Raw data.
___

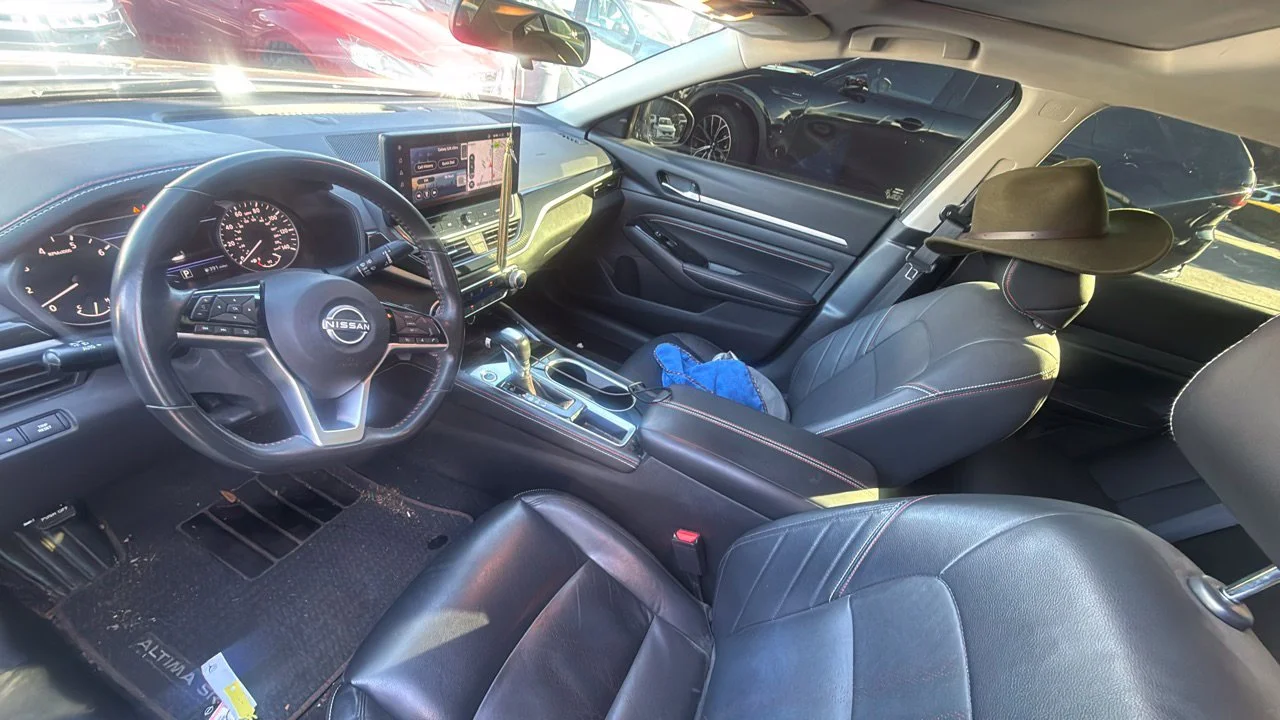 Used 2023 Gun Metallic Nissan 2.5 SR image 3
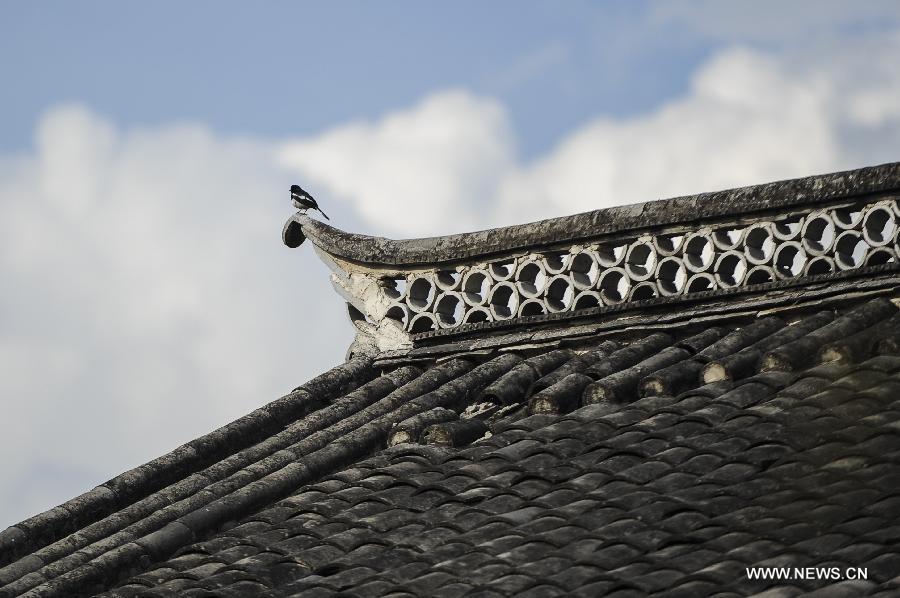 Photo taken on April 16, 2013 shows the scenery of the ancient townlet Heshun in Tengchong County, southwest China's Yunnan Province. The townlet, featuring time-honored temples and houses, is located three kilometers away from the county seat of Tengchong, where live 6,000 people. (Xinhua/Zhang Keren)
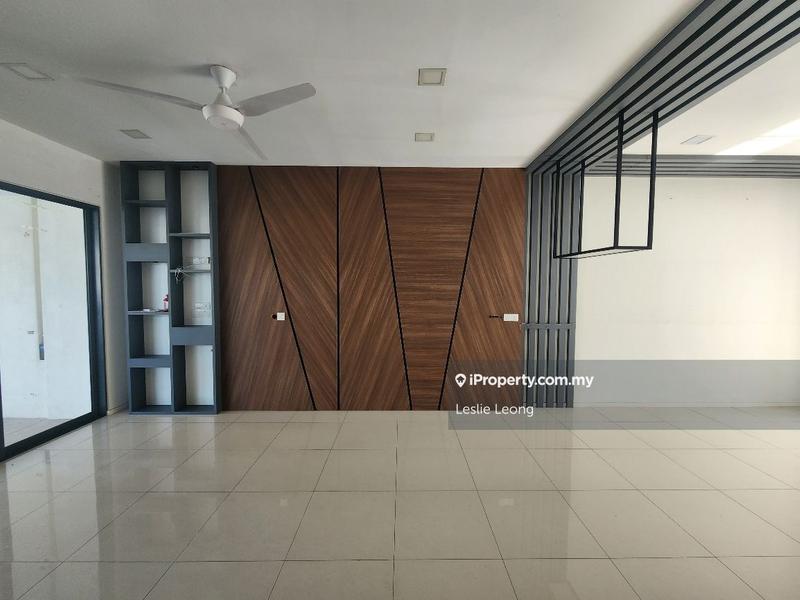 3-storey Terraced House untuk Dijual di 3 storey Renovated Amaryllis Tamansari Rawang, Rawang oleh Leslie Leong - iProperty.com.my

___

Exercise aim. Retype the whole of the data verbatim. Skip every picture.

Task response.
 Used 2023 Gun Metallic Nissan 2.5 SR image 3
 Photo taken on April 16, 2013 shows the scenery of the ancient townlet Heshun in Tengchong County, southwest China's Yunnan Province. The townlet, featuring time-honored temples and houses, is located three kilometers away from the county seat of Tengchong, where live 6,000 people. (Xinhua/Zhang Keren)
 3-storey Terraced House untuk Dijual di 3 storey Renovated Amaryllis Tamansari Rawang, Rawang oleh Leslie Leong - iProperty.com.my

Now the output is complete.